Perhaps the most scathing attack on customs and mores occurs in Oru Kann Oru Paarvai / Through an Eye Darkly (30 min., Tamil), recounting the tale of a poor untouchable girl, blinded by her teacher after the girl touched water used only by the upper caste. Director of this well-made film is Gnana Rajasekharan, an officer with the Central Board of Film Certification in Madras. Similar in impact was The Silent Scream (12 min., English), directed by Vikram K. Kumar, which probes the psyche of those prone to suicide, throwing light on what happens when a man changes his mind after swallowing an overdose of pills.

Two more interesting biographies document two different kind of artistes. Strings for Freedom (133 min., English), directed by Gautam Halder, looks at the artistry of Ustad Amjad Ali Khan, internationally acclaimed player of the lute-like musical instrument the sarod. But it was Buddhadeb Das Gupta's The Painter of Eloquent Silence (24 min ., English) that was a clear stand-out among biographical documentaries. Buddhadeb is no stranger to the international film festival circuit, not only with his feature films but also the short films he has done, most of these biographical does. His cinematic approach, he says, can be reduced to one line: "How many shots can you do without?"

A recent film fare, held January 11-17 in Hyderabad, was organized by the India Trade Promotion Organization, attracting participants from some 15 countries. This second event of its kind—the first, a low key offering, was held last year in Pragati, New Delhi-included a market with as many as 40 institutions representing film, television, audio and software companies, also broadcasters. A particularly popular part of the fair was the display of recent equipment.

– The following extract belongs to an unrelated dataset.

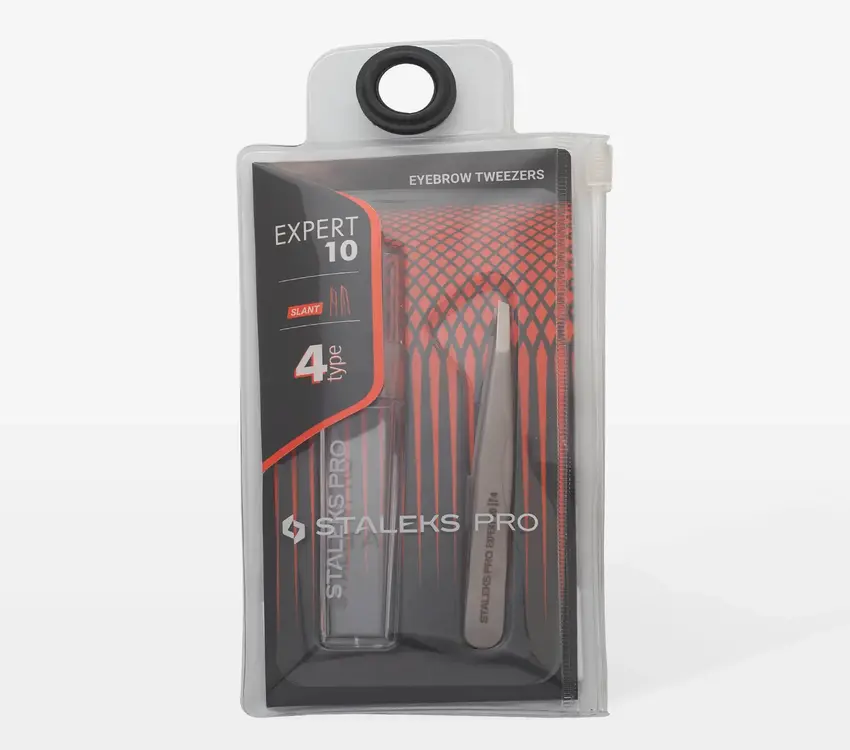 Staleks Eyebrow Tweezer EXPERT 10 Type 4 (narrow beveled)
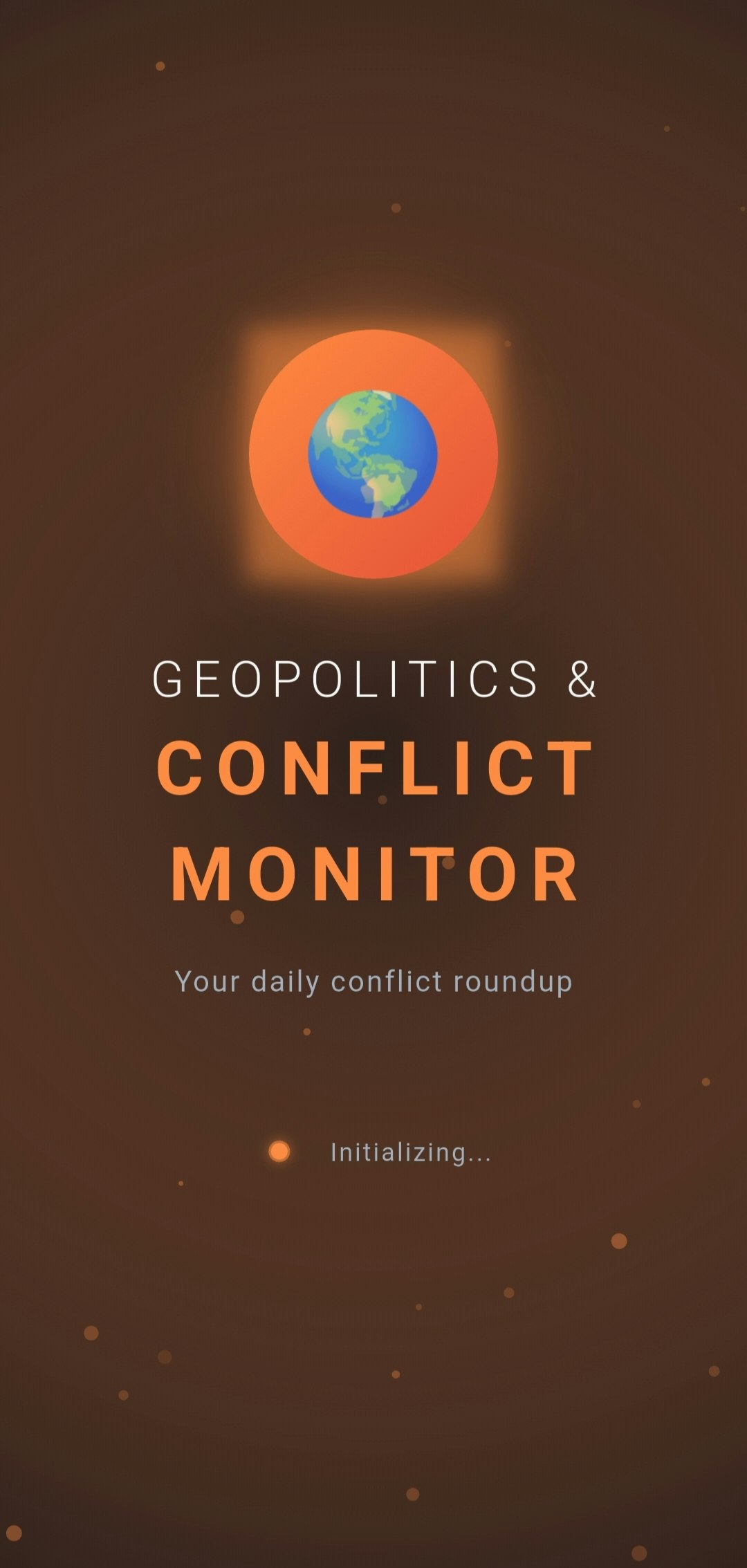 Geopolitics & Conflict Monitor - Main product screenshot demonstrating key features and user interface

Today's documentary scene in India significantly decreases the "poor cousin" status suffered by nonfiction film and video. While some of the videos offered at the 1998 MIFF were singular in purpose and obviously realized quickly and on a limited budget, there exists the challenge to young filmmakers to join such efforts as those made a few years ago by graduates of Jamia Milia University, who brought video skills to inhabitants of urban and rural neighborhoods, empowering them to express themselves on such grass roots issues as illiteracy, "untouchability " and women's inequality. As national television becomes more and more a medium for commerce and devoid of controversy, the challenge for independent documentary in India becomes more pronounced and clearer in mission.

 

K.N.T. Sastry is a film critic, columnist and scriptwriter, recipient of the Silver Lotus for Best Film Critic, an award given by the Indian government. He has produced docu­mentaries, is currently making a feature film, and was a member of the jury that selected films for the Indian Panorama at the 1999 IFFI; he also edited the program book for the festival.